I'm guessing the gearing in one of those servos, when reversed, makes the motor spin a whole lot faster than it should, right?


----------



## carsey (Aug 19, 2006)

My fans dont light up. Maybe the LEDs are on a different circuit.


----------



## agentRed (Nov 7, 2006)

Well...I spun the fan with a jet of co2 and it spun so fast, the LED's lit up, and then popped D:


----------



## Fr4665 (Nov 18, 2004)

maybe that was a little toooo fast depends how the motors are configured in the fans. some do it some dont.


----------



## nick.rambo (Jan 11, 2007)

There are a lot of LED fans that will light up if you spin the blades quickly. I'm not sure if all LED fans will.. but all three of mine do. (2 80mm, 1 120mm)

I just assumed that the power from the case spun the fan blades, and the spinning acted as a means of energy for the LED's to light up.


----------



## Ralck (Dec 10, 2004)

The power from your power supply normally powers both the fan spinning and the LED's.
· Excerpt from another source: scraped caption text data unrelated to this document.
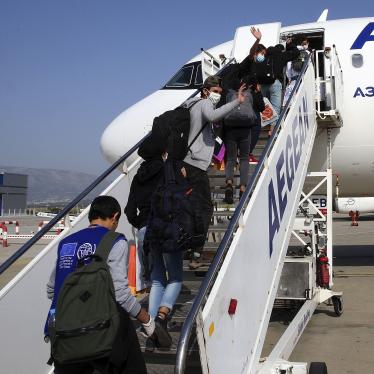 Migrant children board a plane for Luxembourg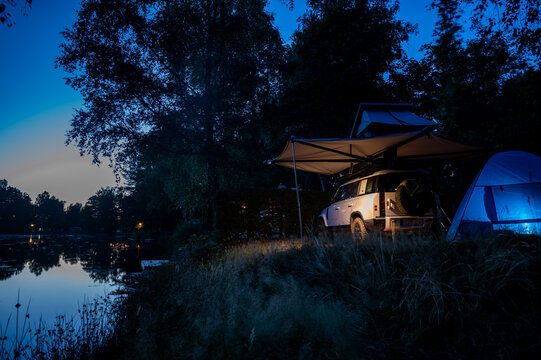 Romantic Camping at the lake with 4x4 Offroad vehicle with roof tent at night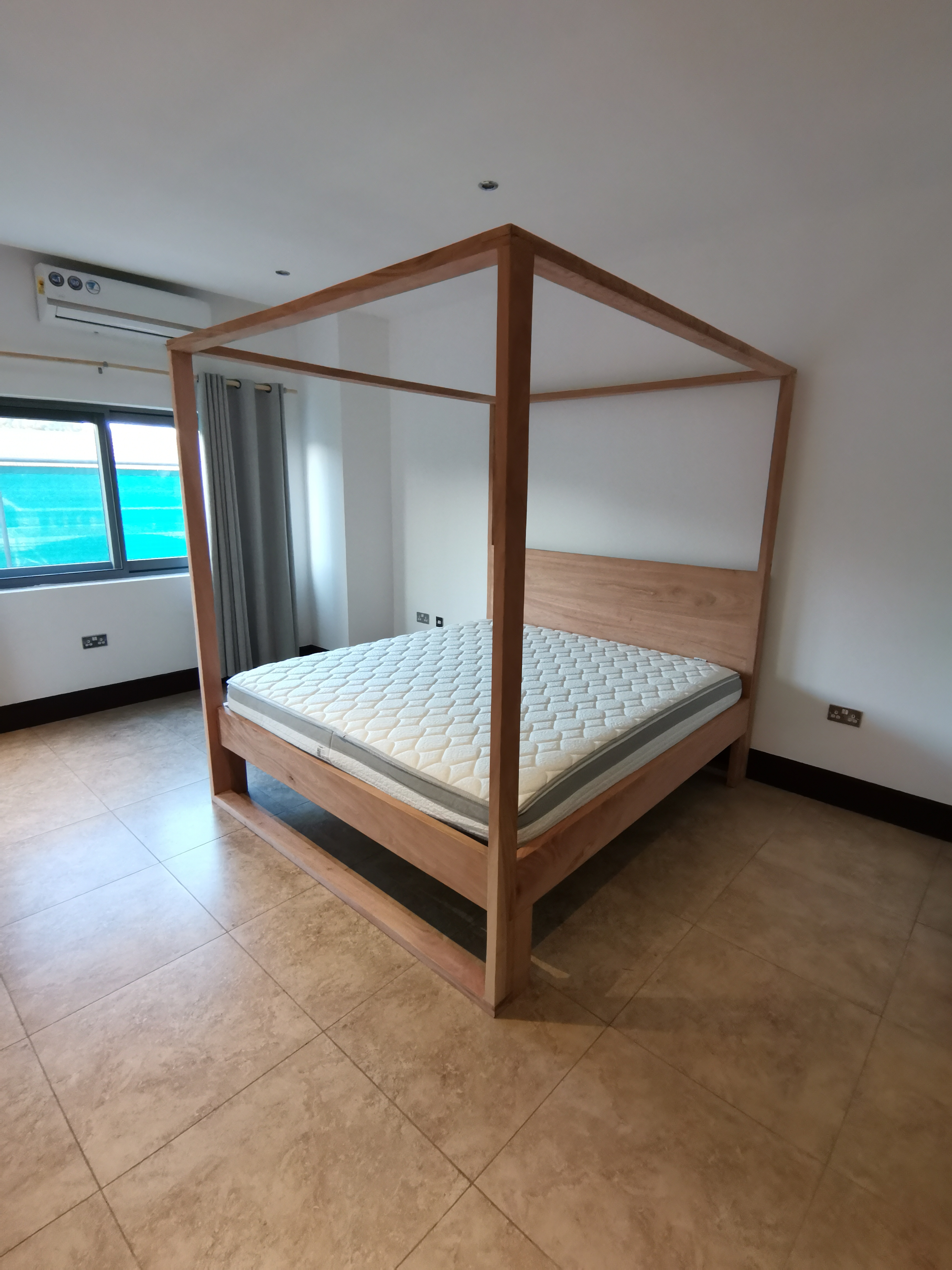 Custom solid wood four-poster bed with slatted headboard, installed at a private residence in Ridge, Accra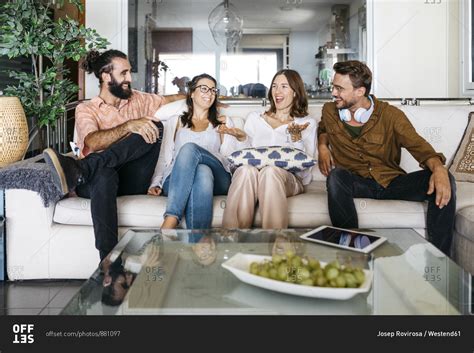 Happy friends sitting on couch together and talking stock photo - OFFSET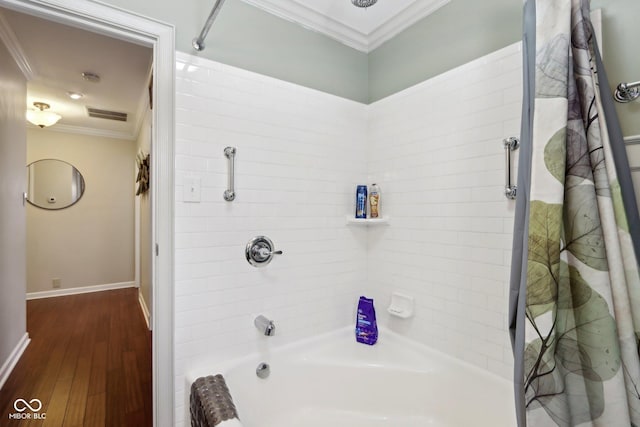 bathroom with crown molding, shower / bath combination with curtain, visible vents, wood finished floors, and baseboards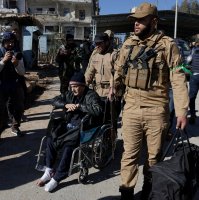 A man is assisted as he evacuates from Sheikh Maksoud neighbourhood following the collapse of an agreement between the Syrian government and the PKK/YPG terrorists, in Aleppo, Syria, Jan. 10, 2026. (Reuters Photo)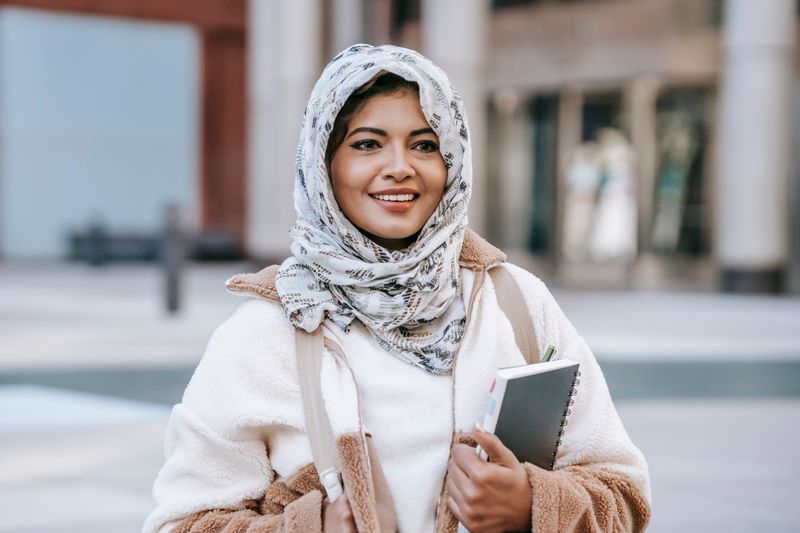 Happy young ethnic female student in casual clothes and hijab smiling and looking away while standing on street with notebook in hand after university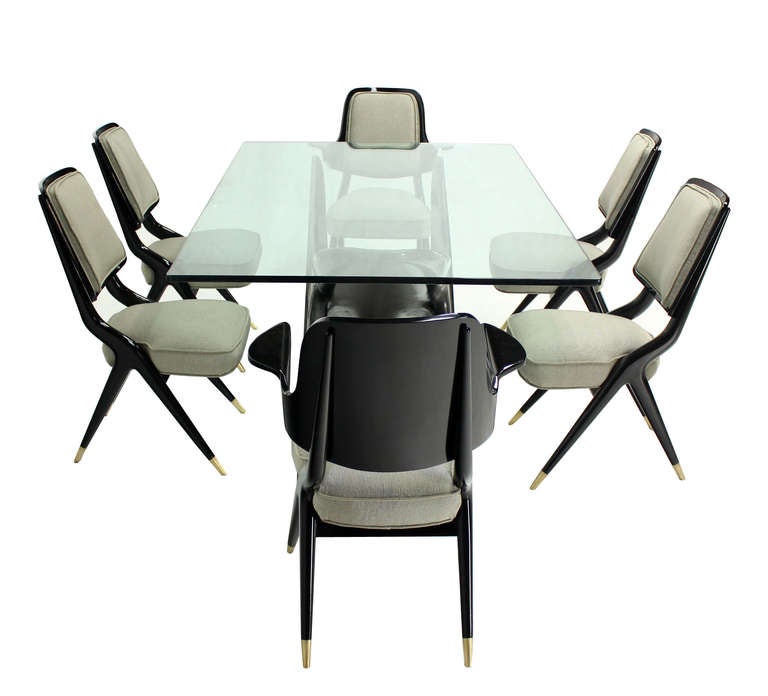 Very nice italian modern style dining set possibly designed by Ico Parisy.
Excellent vintage condition.
Table 71x44x30, side chair 17x24x35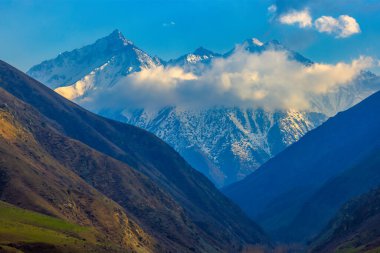A wide, scenic view of a lush valley nestled between tall mountains with snow on their peaks, under a blue sky with clouds.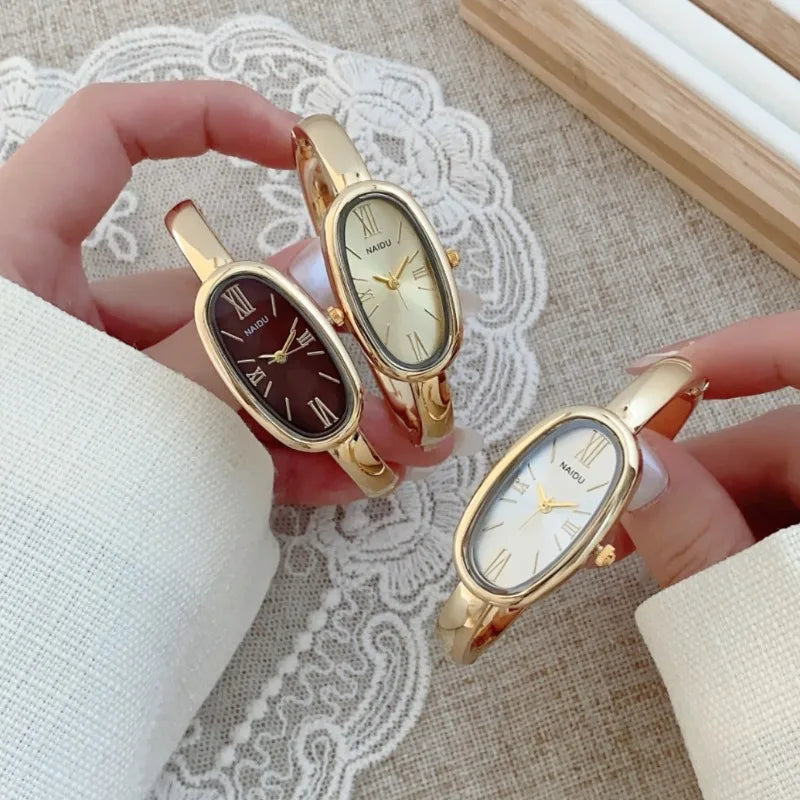 Women’s Oval Roman Dial Quartz Watch with Gold Finish and Bracelet Strap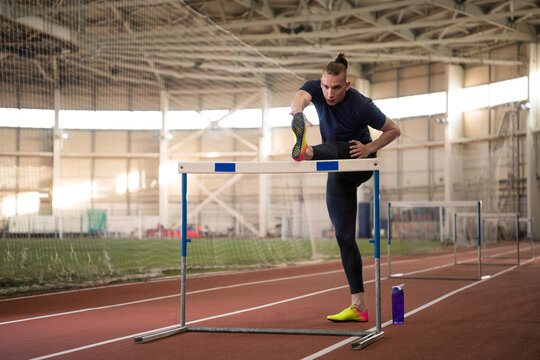 Young male athlete stretching near barrier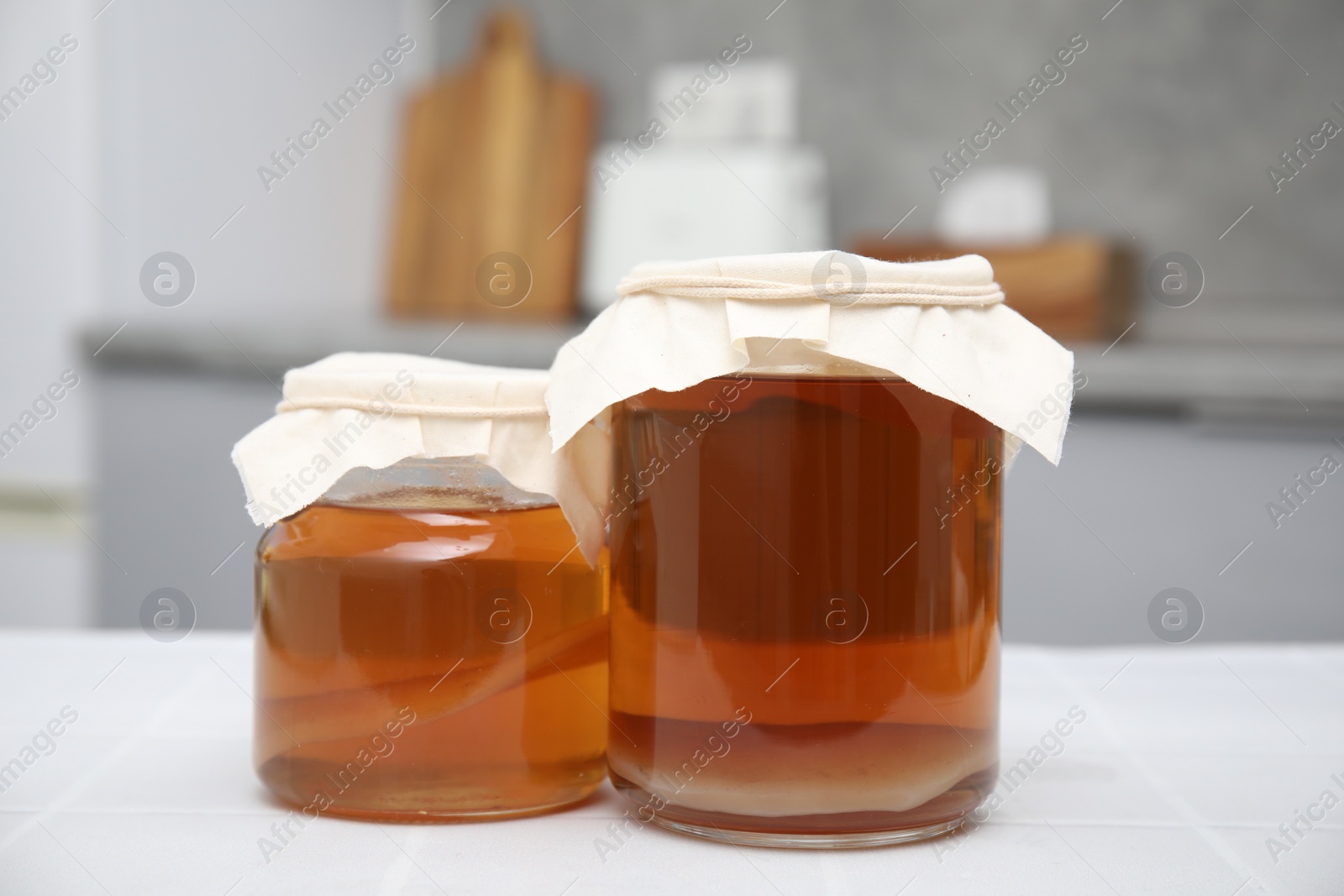 Photo of Homemade fermented kombucha in glass jars on white table in kitchen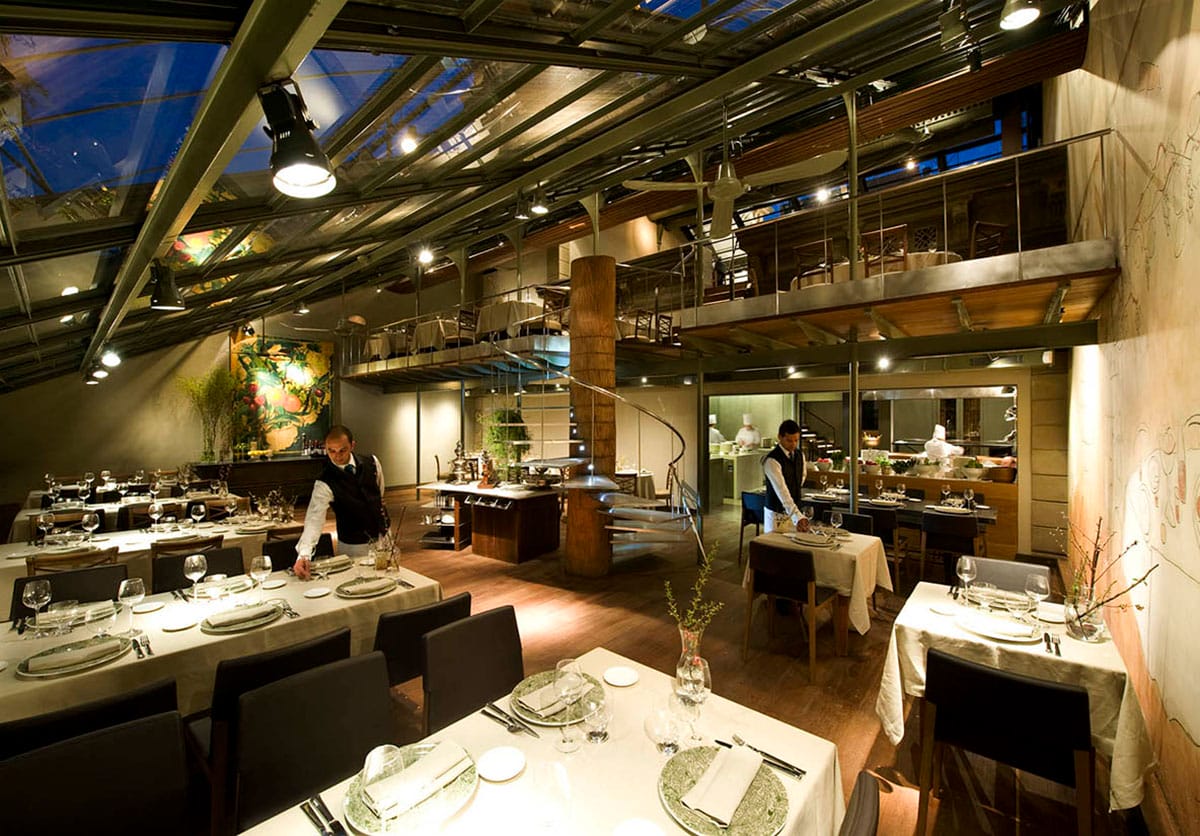 dimly lit, glass-ceilinged restaurant with two levels.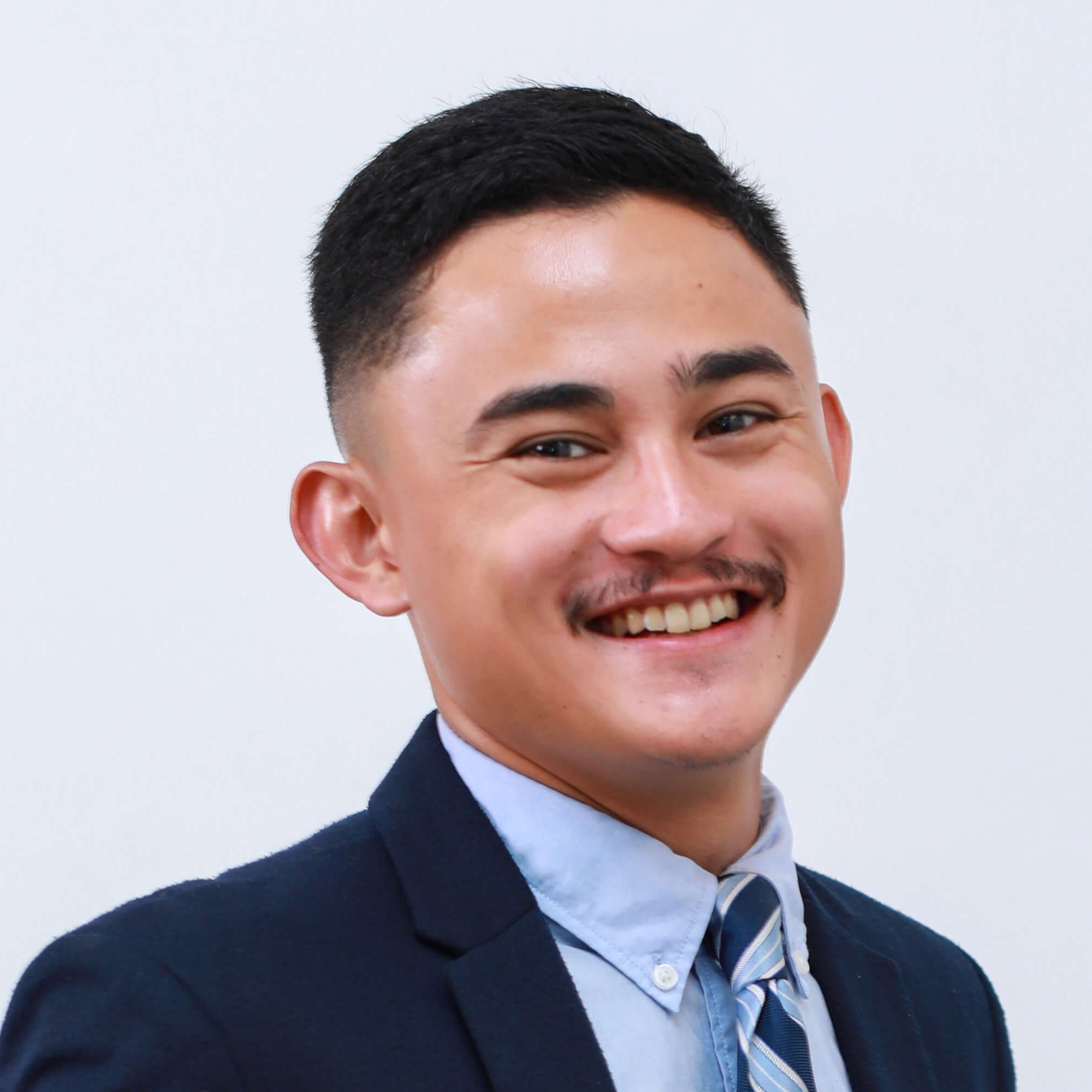 Headshot of man in blue suit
However, spinning the fan is manually turning the motor (instead of letting the electric current doing it). Basically, energy is conserved. This means that the electric energy is converted into mechanical energy to make the fan spin. Vice Versa, mechanical energy can be converted to electric energy, such as through a generator. When you blow the compressed air over the fan blades to make it spin, this is actually turning the motor into a generator, which makes a small electric current usually refered to as Back EMF. That is why when you spin the fan, the LED's light up.

However, *NEVER* spin the fan blades on an LED fan. LED's are designed to have current pass through them in a certain direction. If you manually spin a fan, two bad things could happen. First, you could spin it so fast that too much current goes through and breaks the LED's. Second, and the more likely, the Back EMF generated could cause the current to go through the LED's backwards, which would make them pop. In fact, this Back EMF could actually go back to your motherboard and damage that as well.

This is why, with an LED fans, you always want to unplug it from your system and hold the blades when blowing compressed air on them so they don't spin. With non-LED fans, you should at least unplug those from your computer as well, because their Back EMF could damage your motherboard as well.


----------